Löscher hatte am Mittwoch durch die Blume auf eine mögliche Abwärtskorrektur der Gewinnerwartungen vorbereitet (siehe "Mannschaft zusammenhalten, Kompetenzen sichern"). Kaeser erläuterte seinerseits, Siemens werde von den staatlichen Konjunkturprogrammen erst im nächsten Geschäftsjahr profitieren. Konzernweit belaste die Wirtschaftskrise das Unternehmen auf längere Zeit, da Kunden zum Teil vor Refinanzierungsproblemen stünden.
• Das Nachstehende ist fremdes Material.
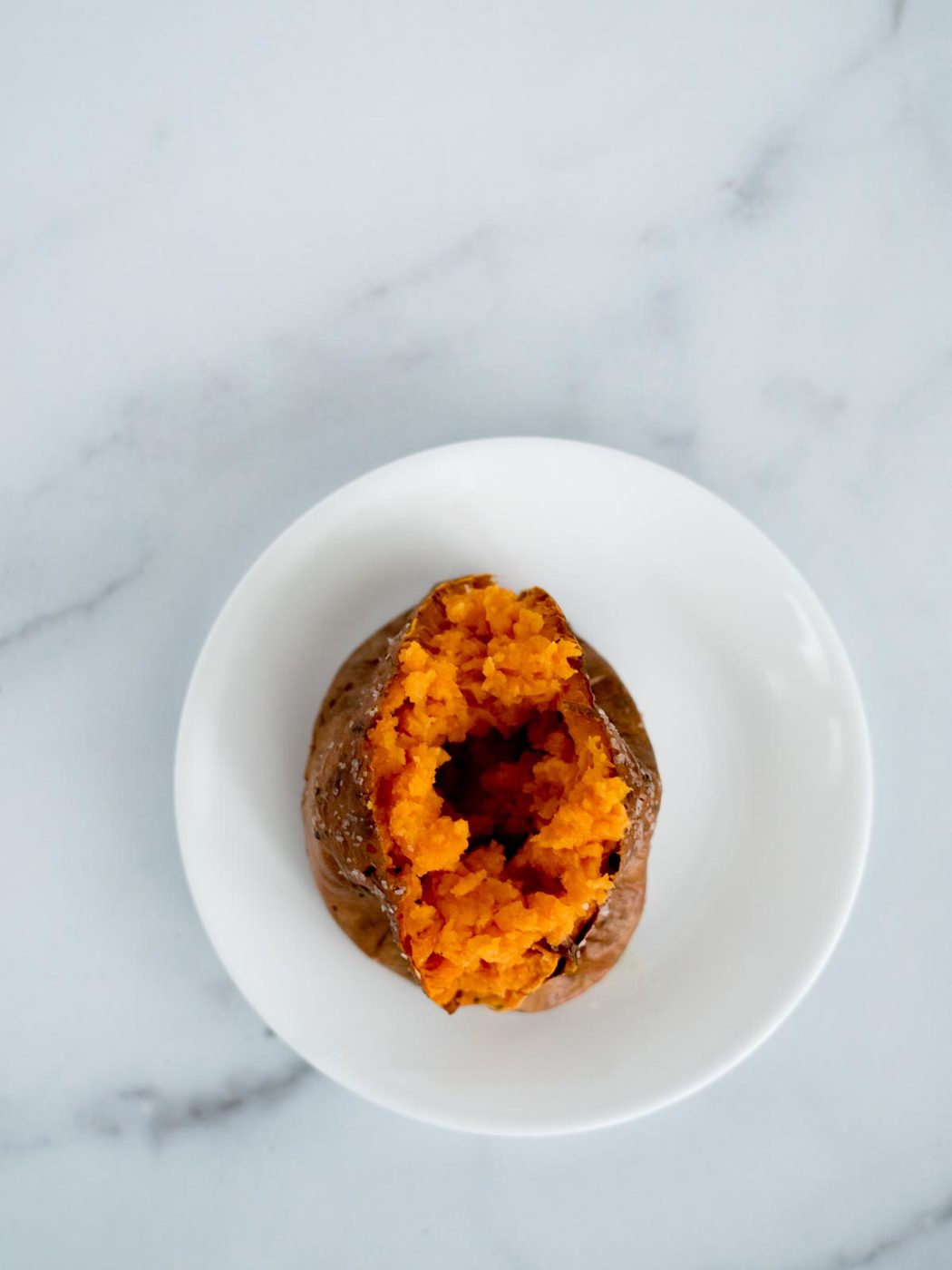 cut sweet potato on plate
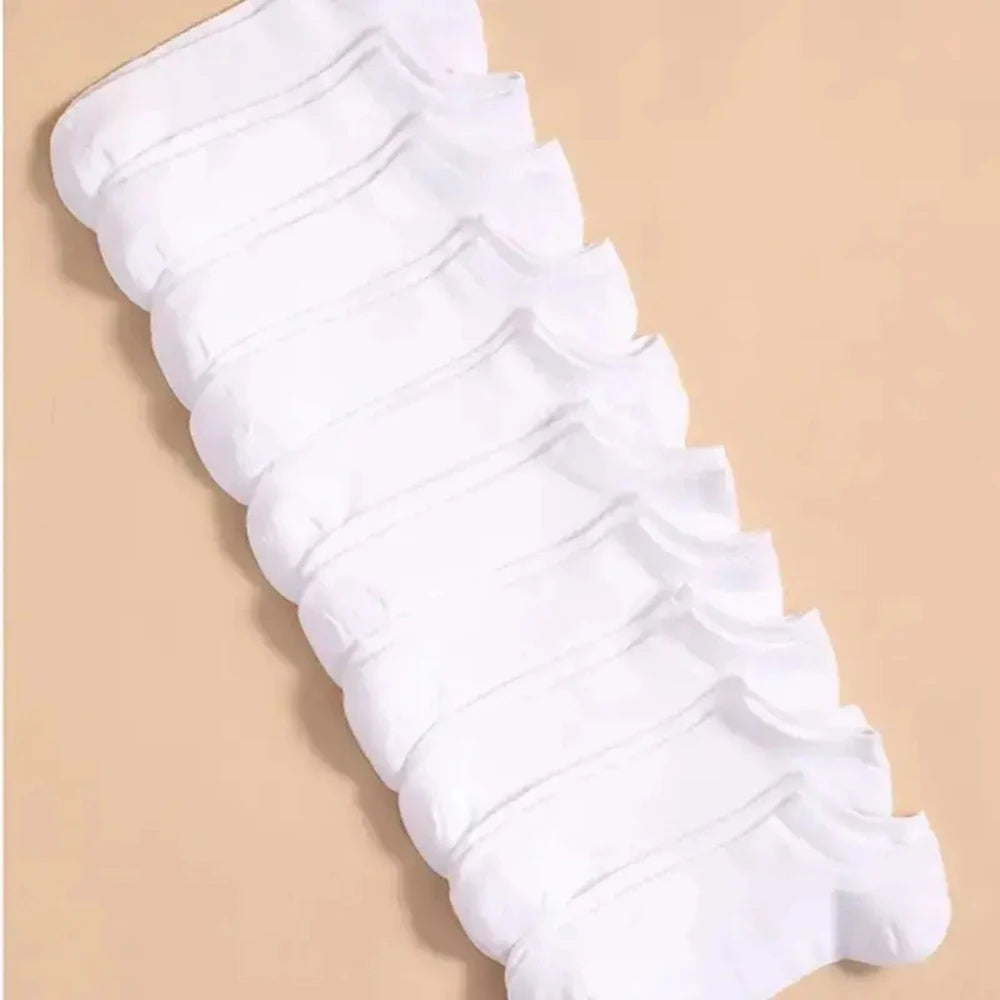 10/20 Pairs Unisex Casual Plain Color Boat Socks Thin Breathable Comfy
Derzeit gebe es allerdings lediglich Auftragsverschiebungen, nicht aber Stornierungen.

"Verwirrung am Kapitalmarkt"

Im laufenden Quartal wird nach seiner Darstellung der Auftragseingang höher sein als der Umsatz, im Jahresvergleich jedoch spürbar schrumpfen. Das Ergebnis des zweiten Quartals soll deutlich über dem des Vorjahres liegen. Die Börse hörte es mit Erleichterung, die Siemens-Aktie gewann ihre zuvor abgegebenen Punkte großteils wieder zurück. Wie lange die Erholung anhält, bleibt abzuwarten: Mit Blick auf die Jahresprognose erklärte Kaeser pragmatisch, solange es keine neue Zahl gebe, gelte eben die alte. Das ist zweifellos richtig, aber wenn es ganz so einfach wäre, hätte sich der Vorstandschef dazu vermutlich weniger vorsichtig geäußert. Reuters fasste am Freitag zusammen, Siemens sorge durch "wechselhaften Umgang mit seiner Geschäftsprognose für Verwirrung am Kapitalmarkt".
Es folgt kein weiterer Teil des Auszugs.